Over the weekend we learned that Brett Kavanaugh once expressed doubts about the wisdom of the Supreme Court’s ruling in United States v. Nixon, the famous Watergate tapes case. His comments have generated controversy because the case stands as a hallowed landmark in the history of American law. In the 1974 case, the justices ruled 8-0 that the president’s “generalized assertion of [executive] privilege must yield to the demonstrated, specific need for evidence in a pending criminal trial.”
In fairness to Judge Kavanaugh, his critical comments about the Nixon decision came almost 20 years ago. More recently he has discussed the ruling in favorable terms. In any case, the Senate confirmation hearing will give him an opportunity to clarify his position on United States v. Nixon and the crucial issue of executive privilege.
In the meantime, it’s interesting to reflect on Richard Nixon’s own reaction to the momentous Supreme Court decision that ended his presidency. Nixon learned of the Court’s ruling on the morning of July 24, 1974, when Alexander Haig, his chief of staff, called to let him know the bad news.
According to President Nixon’s autobiography, The Memoirs of Richard Nixon, the most important feature of the ruling was that it was 8-0. After learning that the Court had ruled against him, the first question Nixon asked of Haig was how many justices ruled with the majority.
“Unanimous,” Haig responded. “There’s no air in it at all.”

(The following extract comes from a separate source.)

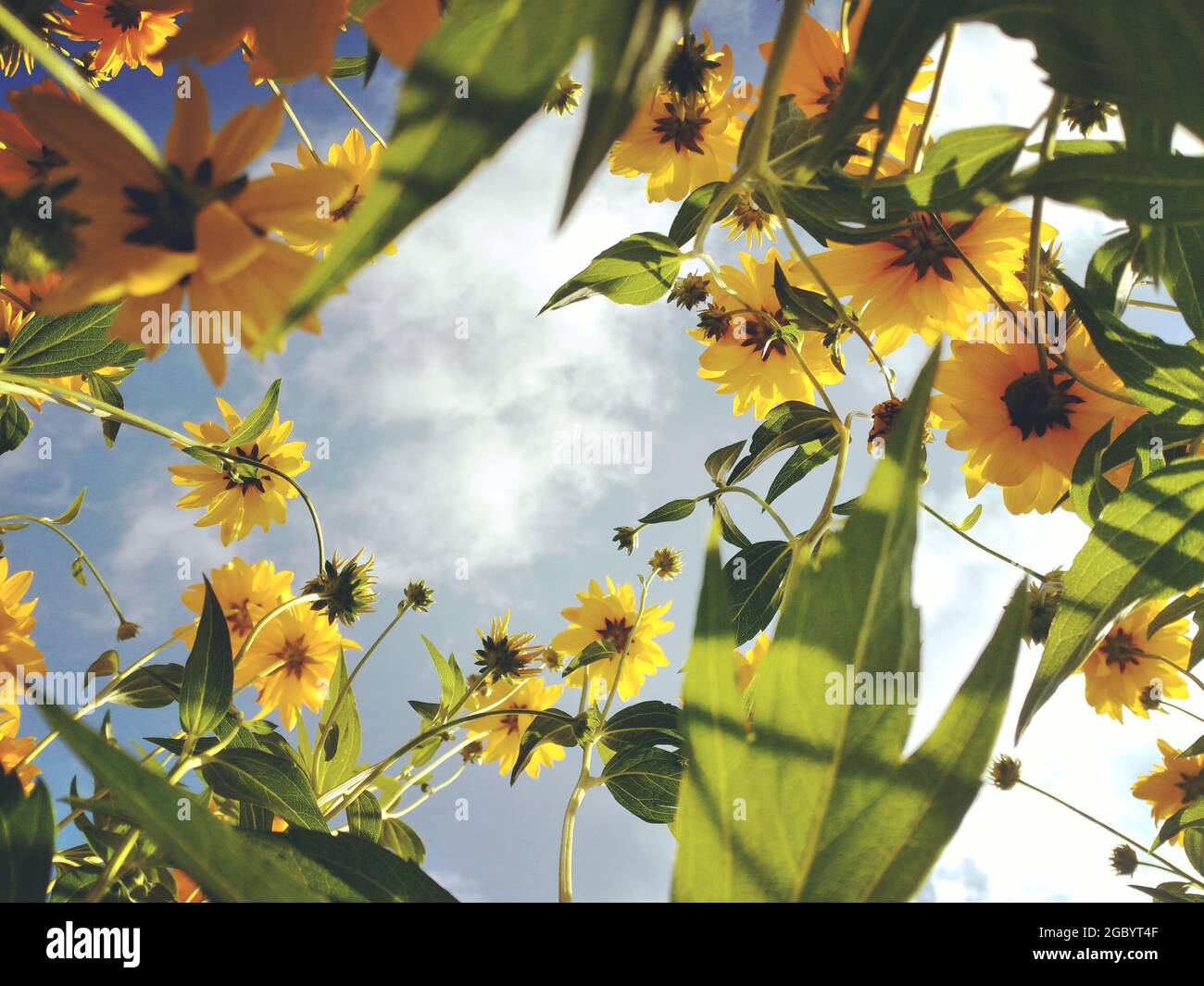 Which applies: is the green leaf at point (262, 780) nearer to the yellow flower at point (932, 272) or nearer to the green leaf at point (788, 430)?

“None at all?” Nixon asked.
“It’s tight as a drum,” Haig explained.
A few minutes later Nixon and Haig met with James St. Clair, the president’s attorney. The three men discussed how to proceed in the wake of their devastating Supreme Court defeat. They knew that the release of the audio tapes—which recorded the president’s direct personal involvement in obstruction of justice—spelled Nixon’s political doom. Indeed, he would resign on August 9, just over two weeks after United States v. Nixon.
Ever since then, the case has been rightfully celebrated for vindicating the rule of law. A few hours after the Court announced its Nixon ruling, Watergate Special Prosecutor Leon Jaworski told the journalist Theodore White, “What happened this morning proved what we teach in schools, it proved what we teach in colleges, it proved everything we’ve been trying to get across—that no man is above the law.”
But it is worth noting how close Nixon came to defying the Supreme Court ruling. As he explained in his autobiography, after the Court’s decision he seriously considered forcing a constitutional crisis by refusing to hand over the tapes. Nixon had an absolutist view of presidential power. He thus viewed the decision itself as unconstitutional, and lamented that the “presidency itself was a casualty of this ruling.” He would later tell the British journalist David Frost that “when the president does it, that means it is not illegal.”
Ultimately, however, the unanimous nature of the Supreme Court’s decision forced Nixon’s surrender. He could not portray the Court’s ruling as partisan or ideological in nature when the justices acted in unison. As Nixon explained in his autobiography:
It’s worth pondering what would happen if a similar case reached the justices today. If faced with a momentous case testing the limits of presidential power, could the Roberts Court find common ground among the justices as the Burger Court did 44 years ago?
No one knows the answer to that question. But it certainly makes Judge Kavanaugh’s views on United States v Nixon worth exploring in great detail during his Senate confirmation hearing.
Just as a footnote, I should point out that William Rehnquist recused himself from the US v. Nixon case (which is why only 8 justices voted in the case). During his years as an attorney in the Nixon Justice Department, he had worked closely with Attorney General John Mitchell (a key player in the Watergate scandal) before President Nixon appointed Rehnquist to the Supreme Court in 1971.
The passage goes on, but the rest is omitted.